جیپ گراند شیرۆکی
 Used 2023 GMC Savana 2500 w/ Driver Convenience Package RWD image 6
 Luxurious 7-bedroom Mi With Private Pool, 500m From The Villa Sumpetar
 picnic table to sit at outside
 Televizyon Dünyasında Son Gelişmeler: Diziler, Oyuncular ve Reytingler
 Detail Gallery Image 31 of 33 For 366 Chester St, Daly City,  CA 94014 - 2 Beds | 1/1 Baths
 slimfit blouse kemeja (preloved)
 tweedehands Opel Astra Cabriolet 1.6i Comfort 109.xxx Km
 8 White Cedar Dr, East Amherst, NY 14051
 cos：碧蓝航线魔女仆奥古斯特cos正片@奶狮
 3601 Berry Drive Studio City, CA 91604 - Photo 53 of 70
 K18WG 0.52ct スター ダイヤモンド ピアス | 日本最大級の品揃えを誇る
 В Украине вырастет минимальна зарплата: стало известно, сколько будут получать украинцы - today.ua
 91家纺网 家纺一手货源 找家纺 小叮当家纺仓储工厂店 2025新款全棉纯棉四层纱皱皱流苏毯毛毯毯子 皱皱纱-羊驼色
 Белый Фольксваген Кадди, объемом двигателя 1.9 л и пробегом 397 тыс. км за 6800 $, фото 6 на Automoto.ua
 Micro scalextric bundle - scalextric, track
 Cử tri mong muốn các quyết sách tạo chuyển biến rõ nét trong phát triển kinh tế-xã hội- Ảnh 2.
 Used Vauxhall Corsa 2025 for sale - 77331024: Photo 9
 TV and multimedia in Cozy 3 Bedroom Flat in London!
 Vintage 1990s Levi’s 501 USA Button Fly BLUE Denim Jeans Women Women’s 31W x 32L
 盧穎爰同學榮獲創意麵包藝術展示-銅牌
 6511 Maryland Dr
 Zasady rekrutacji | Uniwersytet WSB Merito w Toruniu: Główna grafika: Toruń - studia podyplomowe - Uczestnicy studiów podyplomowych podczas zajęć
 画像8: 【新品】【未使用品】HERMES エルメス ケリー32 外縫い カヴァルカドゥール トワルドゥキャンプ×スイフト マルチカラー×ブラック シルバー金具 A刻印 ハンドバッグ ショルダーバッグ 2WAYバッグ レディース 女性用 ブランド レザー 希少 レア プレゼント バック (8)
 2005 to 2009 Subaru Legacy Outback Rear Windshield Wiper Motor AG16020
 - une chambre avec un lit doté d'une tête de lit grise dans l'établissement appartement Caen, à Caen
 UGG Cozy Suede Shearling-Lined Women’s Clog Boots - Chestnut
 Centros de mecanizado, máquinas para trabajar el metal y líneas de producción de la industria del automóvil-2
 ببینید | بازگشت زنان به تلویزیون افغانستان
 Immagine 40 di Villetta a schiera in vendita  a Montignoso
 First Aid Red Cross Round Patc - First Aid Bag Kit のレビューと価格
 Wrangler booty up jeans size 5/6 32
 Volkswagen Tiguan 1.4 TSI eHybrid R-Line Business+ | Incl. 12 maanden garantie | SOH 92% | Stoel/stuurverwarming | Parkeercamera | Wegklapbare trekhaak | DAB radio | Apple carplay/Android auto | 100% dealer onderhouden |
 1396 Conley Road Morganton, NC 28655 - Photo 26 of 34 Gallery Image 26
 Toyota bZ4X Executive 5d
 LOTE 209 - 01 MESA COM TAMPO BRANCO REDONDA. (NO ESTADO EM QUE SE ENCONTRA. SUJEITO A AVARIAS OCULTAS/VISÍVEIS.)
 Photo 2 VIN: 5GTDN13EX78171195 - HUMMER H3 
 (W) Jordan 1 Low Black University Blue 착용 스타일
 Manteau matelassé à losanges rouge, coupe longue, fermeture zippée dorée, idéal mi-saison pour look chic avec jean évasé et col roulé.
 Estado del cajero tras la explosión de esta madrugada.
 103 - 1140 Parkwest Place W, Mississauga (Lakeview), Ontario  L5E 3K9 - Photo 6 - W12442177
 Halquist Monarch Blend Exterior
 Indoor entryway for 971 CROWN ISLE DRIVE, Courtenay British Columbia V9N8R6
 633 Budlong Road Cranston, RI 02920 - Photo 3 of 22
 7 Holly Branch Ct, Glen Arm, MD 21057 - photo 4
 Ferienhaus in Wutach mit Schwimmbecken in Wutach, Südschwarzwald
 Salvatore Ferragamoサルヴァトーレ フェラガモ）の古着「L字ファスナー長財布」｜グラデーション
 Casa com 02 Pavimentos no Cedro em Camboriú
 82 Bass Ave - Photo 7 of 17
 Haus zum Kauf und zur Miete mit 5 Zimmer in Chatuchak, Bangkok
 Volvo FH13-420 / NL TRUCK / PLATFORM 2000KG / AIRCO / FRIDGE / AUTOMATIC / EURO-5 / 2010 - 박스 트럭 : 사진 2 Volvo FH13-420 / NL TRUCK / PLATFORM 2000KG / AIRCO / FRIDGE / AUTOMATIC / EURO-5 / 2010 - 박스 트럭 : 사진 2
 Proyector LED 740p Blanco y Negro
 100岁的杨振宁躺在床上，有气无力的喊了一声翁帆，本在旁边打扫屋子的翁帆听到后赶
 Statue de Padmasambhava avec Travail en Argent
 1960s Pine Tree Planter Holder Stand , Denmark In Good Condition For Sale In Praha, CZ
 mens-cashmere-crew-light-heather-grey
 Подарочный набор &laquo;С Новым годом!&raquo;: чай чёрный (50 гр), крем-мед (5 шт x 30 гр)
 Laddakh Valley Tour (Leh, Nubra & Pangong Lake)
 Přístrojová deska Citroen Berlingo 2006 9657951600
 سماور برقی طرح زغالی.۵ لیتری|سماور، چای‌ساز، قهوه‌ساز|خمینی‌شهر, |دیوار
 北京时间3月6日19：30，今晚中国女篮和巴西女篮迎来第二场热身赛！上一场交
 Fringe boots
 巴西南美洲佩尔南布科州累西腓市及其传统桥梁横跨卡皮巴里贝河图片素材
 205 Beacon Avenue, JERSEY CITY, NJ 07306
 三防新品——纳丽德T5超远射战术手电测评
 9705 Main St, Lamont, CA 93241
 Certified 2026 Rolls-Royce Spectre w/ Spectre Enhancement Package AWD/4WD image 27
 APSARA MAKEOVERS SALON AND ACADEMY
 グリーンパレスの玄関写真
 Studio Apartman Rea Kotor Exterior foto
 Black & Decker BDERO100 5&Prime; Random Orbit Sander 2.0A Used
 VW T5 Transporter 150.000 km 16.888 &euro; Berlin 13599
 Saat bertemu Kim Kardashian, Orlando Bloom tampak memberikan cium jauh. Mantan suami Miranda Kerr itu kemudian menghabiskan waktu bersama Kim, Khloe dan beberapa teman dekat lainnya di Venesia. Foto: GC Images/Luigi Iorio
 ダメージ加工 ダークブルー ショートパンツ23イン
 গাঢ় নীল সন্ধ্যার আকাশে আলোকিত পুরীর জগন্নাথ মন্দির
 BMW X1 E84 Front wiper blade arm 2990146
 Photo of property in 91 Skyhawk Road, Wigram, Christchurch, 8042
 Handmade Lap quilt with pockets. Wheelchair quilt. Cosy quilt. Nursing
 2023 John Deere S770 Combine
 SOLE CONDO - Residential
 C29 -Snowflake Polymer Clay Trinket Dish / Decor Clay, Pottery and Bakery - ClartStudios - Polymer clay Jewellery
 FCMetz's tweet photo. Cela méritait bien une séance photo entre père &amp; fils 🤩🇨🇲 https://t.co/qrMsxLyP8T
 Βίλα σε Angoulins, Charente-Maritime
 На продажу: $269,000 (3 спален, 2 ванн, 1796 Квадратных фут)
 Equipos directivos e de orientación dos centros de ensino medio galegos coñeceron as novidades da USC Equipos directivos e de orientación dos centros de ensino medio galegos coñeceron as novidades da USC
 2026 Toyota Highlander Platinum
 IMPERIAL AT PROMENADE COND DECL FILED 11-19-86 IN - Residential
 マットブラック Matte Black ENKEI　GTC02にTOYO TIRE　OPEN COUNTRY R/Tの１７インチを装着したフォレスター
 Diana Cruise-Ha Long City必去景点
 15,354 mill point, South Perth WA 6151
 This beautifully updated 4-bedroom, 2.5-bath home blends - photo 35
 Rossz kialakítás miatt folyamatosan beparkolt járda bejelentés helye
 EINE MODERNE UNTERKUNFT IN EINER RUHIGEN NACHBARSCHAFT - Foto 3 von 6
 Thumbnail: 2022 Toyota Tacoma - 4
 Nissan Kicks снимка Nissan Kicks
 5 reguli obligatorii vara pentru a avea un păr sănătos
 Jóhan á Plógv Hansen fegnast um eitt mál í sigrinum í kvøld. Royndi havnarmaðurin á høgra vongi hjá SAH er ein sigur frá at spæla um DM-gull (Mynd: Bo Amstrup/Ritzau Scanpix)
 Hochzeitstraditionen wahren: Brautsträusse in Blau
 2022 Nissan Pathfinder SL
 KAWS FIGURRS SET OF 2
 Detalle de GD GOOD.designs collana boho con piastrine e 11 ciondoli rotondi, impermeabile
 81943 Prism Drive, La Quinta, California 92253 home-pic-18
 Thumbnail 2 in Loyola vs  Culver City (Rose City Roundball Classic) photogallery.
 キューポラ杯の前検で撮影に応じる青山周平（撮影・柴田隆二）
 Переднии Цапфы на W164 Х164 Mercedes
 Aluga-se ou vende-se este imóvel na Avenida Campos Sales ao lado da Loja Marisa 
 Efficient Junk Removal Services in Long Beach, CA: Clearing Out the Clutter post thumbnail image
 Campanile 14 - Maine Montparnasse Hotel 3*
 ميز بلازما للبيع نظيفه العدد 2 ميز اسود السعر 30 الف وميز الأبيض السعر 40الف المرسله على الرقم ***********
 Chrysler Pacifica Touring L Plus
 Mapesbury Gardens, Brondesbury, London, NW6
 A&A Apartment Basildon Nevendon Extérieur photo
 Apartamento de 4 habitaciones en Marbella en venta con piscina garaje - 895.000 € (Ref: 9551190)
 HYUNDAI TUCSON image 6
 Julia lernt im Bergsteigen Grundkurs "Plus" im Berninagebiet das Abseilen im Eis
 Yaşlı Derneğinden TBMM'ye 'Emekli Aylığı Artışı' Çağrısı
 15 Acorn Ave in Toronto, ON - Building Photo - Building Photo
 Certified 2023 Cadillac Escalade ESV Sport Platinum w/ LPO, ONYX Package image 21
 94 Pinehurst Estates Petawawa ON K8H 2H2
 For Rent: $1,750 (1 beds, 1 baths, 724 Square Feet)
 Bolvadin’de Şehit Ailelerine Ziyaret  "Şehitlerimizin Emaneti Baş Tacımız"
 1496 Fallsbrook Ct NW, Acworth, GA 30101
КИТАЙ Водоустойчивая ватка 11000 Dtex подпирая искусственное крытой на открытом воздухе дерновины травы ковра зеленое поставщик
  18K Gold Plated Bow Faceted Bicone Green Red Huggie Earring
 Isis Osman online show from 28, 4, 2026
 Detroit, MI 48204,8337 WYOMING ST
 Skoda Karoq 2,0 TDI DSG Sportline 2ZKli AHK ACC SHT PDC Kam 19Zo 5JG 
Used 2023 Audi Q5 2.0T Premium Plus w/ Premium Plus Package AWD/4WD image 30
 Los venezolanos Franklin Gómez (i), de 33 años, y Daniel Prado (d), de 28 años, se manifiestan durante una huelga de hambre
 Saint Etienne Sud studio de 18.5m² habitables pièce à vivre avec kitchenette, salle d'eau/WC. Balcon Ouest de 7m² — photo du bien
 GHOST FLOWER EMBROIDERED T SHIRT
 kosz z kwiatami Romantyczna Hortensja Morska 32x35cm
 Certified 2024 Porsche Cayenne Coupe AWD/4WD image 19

Exercise description: Within the data above, the lines from the one with "Mapesbury Gardens, Brondesbury, London, NW6" to the one with "1496 Fallsbrook Ct NW, Acworth, GA 30101" must be repeated exactly; no other line belongs in the answer.

Exercise output:
 Mapesbury Gardens, Brondesbury, London, NW6
 A&A Apartment Basildon Nevendon Extérieur photo
 Apartamento de 4 habitaciones en Marbella en venta con piscina garaje - 895.000 € (Ref: 9551190)
 HYUNDAI TUCSON image 6
 Julia lernt im Bergsteigen Grundkurs "Plus" im Berninagebiet das Abseilen im Eis
 Yaşlı Derneğinden TBMM'ye 'Emekli Aylığı Artışı' Çağrısı
 15 Acorn Ave in Toronto, ON - Building Photo - Building Photo
 Certified 2023 Cadillac Escalade ESV Sport Platinum w/ LPO, ONYX Package image 21
 94 Pinehurst Estates Petawawa ON K8H 2H2
 For Rent: $1,750 (1 beds, 1 baths, 724 Square Feet)
 Bolvadin’de Şehit Ailelerine Ziyaret  "Şehitlerimizin Emaneti Baş Tacımız"
 1496 Fallsbrook Ct NW, Acworth, GA 30101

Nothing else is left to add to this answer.